SUPPLIED INFORMATION:
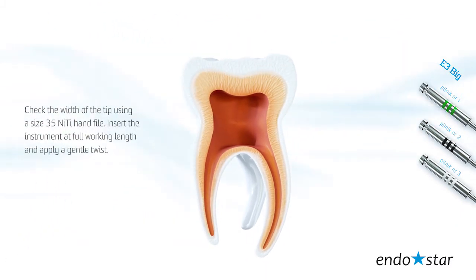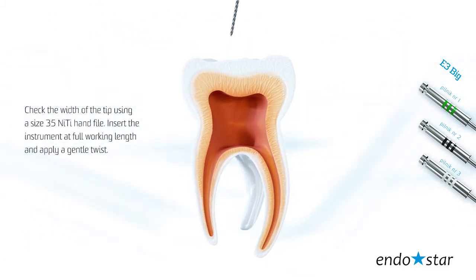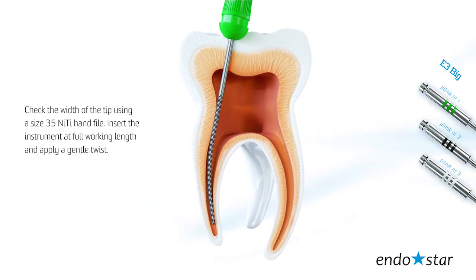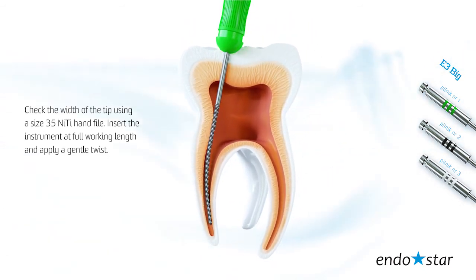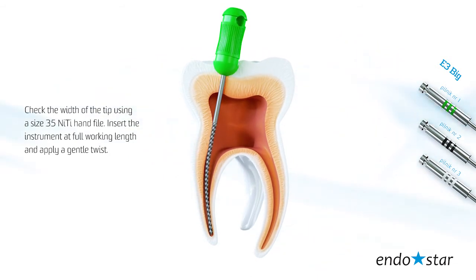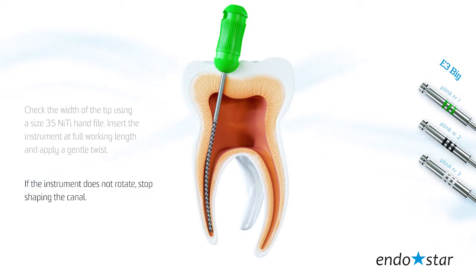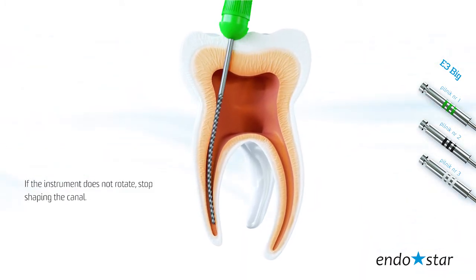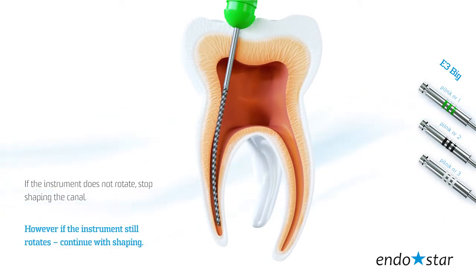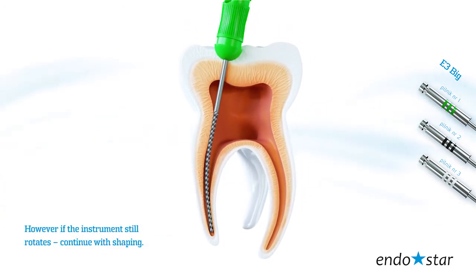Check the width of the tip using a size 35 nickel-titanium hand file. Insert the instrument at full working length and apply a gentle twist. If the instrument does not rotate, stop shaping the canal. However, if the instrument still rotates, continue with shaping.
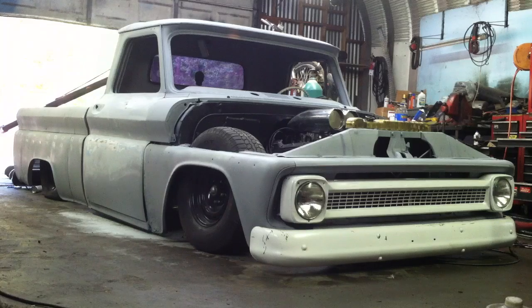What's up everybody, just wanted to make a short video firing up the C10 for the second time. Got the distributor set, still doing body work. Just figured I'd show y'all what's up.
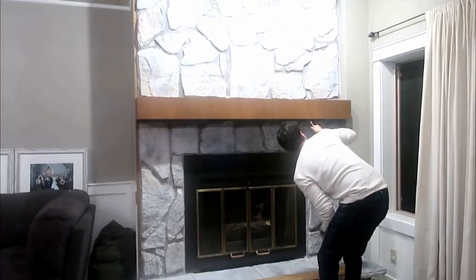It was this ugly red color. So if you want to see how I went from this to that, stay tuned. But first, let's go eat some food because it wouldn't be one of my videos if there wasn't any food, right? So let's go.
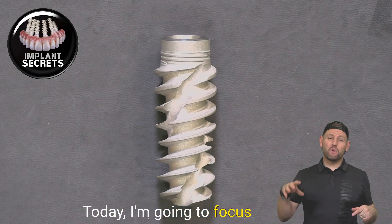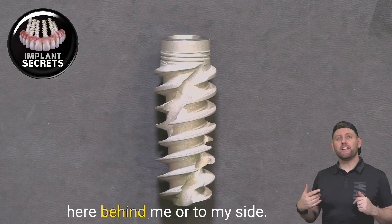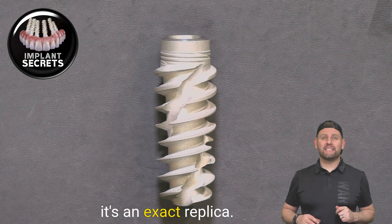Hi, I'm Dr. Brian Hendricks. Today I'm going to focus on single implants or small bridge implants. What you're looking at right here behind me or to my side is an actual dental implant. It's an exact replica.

YOUR OBJECTIVE: The answer must be the whole listing, word for word, with no pictures in it. Please write it out.

PROBLEM SOLUTION:
Check the width of the tip using a size 35 nickel-titanium hand file. Insert the instrument at full working length and apply a gentle twist. If the instrument does not rotate, stop shaping the canal. However, if the instrument still rotates, continue with shaping.
What's up everybody, just wanted to make a short video firing up the C10 for the second time. Got the distributor set, still doing body work. Just figured I'd show y'all what's up.
It was this ugly red color. So if you want to see how I went from this to that, stay tuned. But first, let's go eat some food because it wouldn't be one of my videos if there wasn't any food, right? So let's go.
Hi, I'm Dr. Brian Hendricks. Today I'm going to focus on single implants or small bridge implants. What you're looking at right here behind me or to my side is an actual dental implant. It's an exact replica.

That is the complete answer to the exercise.